I am happy to declare a precise victory for this prediction, with oil prices having fallen by two-thirds and remaining there for well over a year. While hydraulic fracturing (fracking) turned out to be the primary technology to bring down the OPEC fortress, other technologies such as photovoltaics, batteries, and nanomaterials contributed secondary pressure to the disruption. The disruption unfolded in accordance with the 2011 Law of Finite Petrotyranny :
From the start of 2011, measure the dollar-years of area enclosed by a chart of the price of oil above $70. There are only 200 such dollar-years remaining for the current world petro-order. We can call this the 'Law of Finite Petrotyranny'.
Go to the original article to see various scenarios of how the dollar-years could have been depleted. While we have not used up the full 200 dollar-years to date, the range of scenarios is now much tighter, particularly since fracking in the US continues to lower its breakeven threshold. At present, over $2T/year that was flowing from oil importers to oil producers, has now vanished, to the immense benefit of oil importers, which are the nations that conduct virtually all technological innovation.
The 2011 article was not the first time this subject of technological pressure rising in proportion to the degree of oil price excess has been addressed here at The Futurist. There were prior articles in 2007, as well as 2006 (twice).

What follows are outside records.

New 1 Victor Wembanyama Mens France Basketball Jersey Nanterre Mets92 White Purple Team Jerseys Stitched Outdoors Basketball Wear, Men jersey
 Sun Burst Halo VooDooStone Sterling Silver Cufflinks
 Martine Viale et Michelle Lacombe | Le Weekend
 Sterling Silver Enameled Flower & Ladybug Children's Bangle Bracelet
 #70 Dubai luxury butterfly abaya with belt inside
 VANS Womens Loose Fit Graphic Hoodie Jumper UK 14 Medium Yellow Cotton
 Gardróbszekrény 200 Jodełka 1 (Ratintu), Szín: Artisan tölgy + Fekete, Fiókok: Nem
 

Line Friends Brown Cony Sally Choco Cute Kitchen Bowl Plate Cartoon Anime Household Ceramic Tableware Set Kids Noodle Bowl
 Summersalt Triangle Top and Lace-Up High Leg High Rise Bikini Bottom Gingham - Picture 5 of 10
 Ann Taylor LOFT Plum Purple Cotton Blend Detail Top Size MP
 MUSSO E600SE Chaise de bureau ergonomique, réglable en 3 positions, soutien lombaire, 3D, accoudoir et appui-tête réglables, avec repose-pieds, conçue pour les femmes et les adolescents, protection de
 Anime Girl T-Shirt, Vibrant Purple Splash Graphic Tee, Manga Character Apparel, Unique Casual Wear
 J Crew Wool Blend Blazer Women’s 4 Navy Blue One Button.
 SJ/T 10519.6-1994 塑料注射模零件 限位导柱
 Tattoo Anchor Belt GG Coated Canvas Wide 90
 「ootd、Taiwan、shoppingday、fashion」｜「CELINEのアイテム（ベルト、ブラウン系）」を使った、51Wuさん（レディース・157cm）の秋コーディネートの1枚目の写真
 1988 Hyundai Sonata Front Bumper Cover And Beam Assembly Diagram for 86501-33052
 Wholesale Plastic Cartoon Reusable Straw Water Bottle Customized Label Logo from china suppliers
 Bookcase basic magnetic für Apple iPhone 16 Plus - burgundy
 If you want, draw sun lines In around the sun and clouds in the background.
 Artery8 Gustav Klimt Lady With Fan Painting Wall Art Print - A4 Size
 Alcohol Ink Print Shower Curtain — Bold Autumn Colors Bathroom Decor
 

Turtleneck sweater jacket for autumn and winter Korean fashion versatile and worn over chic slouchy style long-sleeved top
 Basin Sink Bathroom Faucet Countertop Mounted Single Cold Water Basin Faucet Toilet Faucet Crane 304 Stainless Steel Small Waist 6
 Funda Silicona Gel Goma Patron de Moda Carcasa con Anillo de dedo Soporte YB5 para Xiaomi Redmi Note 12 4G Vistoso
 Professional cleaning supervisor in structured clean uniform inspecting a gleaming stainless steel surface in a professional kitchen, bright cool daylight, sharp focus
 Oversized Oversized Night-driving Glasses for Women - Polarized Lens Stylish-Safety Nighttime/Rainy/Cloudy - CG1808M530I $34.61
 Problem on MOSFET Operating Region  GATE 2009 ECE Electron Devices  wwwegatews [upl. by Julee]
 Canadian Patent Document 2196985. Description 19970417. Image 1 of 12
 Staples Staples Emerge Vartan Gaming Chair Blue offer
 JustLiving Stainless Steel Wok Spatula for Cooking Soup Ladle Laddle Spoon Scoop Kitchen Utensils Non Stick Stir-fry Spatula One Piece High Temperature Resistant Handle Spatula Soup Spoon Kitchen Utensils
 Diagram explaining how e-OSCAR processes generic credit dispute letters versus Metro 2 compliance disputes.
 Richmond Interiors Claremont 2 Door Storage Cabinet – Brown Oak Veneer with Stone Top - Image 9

As production feverishly scales back, and some of the less central petrostates implode, oil prices will gradually rise back up, generally saturating at the $70 level (itself predicted in 2006) in order to deplete the remaining dollar-years. But we may never again see oil at such a high price relative to world GDP, as existed from most of 2007-14 (oil would have to be $200+/barrel today to surpass the record of $147 set in 2008, in proportion to World GDP).